Short web captions:
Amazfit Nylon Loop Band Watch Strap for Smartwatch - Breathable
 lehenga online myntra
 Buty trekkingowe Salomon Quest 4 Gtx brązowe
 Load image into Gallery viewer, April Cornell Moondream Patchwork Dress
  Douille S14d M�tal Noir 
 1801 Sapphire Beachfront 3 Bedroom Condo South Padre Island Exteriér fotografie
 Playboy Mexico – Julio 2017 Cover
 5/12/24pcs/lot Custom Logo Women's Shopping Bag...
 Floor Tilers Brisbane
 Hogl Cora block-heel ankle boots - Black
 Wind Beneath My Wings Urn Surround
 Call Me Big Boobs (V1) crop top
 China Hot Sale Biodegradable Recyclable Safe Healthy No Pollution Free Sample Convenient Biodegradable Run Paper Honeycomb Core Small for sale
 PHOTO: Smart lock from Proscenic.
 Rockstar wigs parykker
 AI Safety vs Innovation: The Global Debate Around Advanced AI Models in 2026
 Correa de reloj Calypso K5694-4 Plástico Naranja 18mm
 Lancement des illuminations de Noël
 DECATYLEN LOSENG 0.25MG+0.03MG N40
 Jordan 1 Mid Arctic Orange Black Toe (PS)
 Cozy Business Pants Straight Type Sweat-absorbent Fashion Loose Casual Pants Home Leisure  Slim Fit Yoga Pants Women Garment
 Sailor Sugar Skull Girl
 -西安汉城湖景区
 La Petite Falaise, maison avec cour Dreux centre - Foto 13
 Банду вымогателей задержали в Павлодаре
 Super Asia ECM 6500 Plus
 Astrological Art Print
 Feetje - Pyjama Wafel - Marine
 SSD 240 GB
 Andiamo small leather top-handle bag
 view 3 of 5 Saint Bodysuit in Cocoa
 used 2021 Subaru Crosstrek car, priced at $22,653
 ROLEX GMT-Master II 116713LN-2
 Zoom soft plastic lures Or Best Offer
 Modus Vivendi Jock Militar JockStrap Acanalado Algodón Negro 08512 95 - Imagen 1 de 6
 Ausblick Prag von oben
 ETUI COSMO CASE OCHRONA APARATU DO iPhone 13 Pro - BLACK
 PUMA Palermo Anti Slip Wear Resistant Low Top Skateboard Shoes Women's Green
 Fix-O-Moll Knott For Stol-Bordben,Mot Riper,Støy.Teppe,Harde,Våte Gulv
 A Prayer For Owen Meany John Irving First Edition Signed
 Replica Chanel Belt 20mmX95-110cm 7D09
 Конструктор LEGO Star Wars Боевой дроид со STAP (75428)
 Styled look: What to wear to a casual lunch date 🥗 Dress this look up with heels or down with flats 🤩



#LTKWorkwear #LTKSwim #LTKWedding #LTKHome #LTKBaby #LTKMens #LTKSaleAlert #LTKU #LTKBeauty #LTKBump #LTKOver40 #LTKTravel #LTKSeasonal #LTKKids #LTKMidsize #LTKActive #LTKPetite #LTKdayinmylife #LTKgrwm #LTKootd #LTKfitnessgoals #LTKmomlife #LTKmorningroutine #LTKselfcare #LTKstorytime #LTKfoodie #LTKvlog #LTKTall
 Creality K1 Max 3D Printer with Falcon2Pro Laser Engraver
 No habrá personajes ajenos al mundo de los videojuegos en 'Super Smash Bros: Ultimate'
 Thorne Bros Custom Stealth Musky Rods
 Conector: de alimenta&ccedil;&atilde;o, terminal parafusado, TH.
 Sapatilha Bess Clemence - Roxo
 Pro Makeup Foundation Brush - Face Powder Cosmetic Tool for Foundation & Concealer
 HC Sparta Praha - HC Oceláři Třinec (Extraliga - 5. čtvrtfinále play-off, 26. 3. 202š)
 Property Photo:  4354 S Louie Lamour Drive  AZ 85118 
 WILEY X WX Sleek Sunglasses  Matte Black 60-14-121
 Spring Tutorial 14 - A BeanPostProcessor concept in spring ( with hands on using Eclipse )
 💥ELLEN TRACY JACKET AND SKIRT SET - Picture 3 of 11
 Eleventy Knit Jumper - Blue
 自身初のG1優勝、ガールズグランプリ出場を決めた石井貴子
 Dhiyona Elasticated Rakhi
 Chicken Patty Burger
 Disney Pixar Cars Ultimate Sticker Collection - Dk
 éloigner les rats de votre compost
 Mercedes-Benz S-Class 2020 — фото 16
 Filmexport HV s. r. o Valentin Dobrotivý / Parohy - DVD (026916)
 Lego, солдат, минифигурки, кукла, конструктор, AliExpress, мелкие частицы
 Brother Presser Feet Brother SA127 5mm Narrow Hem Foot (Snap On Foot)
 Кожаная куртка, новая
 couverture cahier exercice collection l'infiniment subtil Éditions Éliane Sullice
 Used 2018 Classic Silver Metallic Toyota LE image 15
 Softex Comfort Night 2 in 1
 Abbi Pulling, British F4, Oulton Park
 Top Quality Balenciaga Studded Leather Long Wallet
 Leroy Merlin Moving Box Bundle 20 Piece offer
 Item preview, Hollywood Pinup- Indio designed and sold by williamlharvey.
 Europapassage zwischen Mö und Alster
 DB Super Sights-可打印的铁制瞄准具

▶ **The task**:
Copy down every line of the entries containing the word "Custom".

▶ **Task solution**:
 5/12/24pcs/lot Custom Logo Women's Shopping Bag...
 Thorne Bros Custom Stealth Musky Rods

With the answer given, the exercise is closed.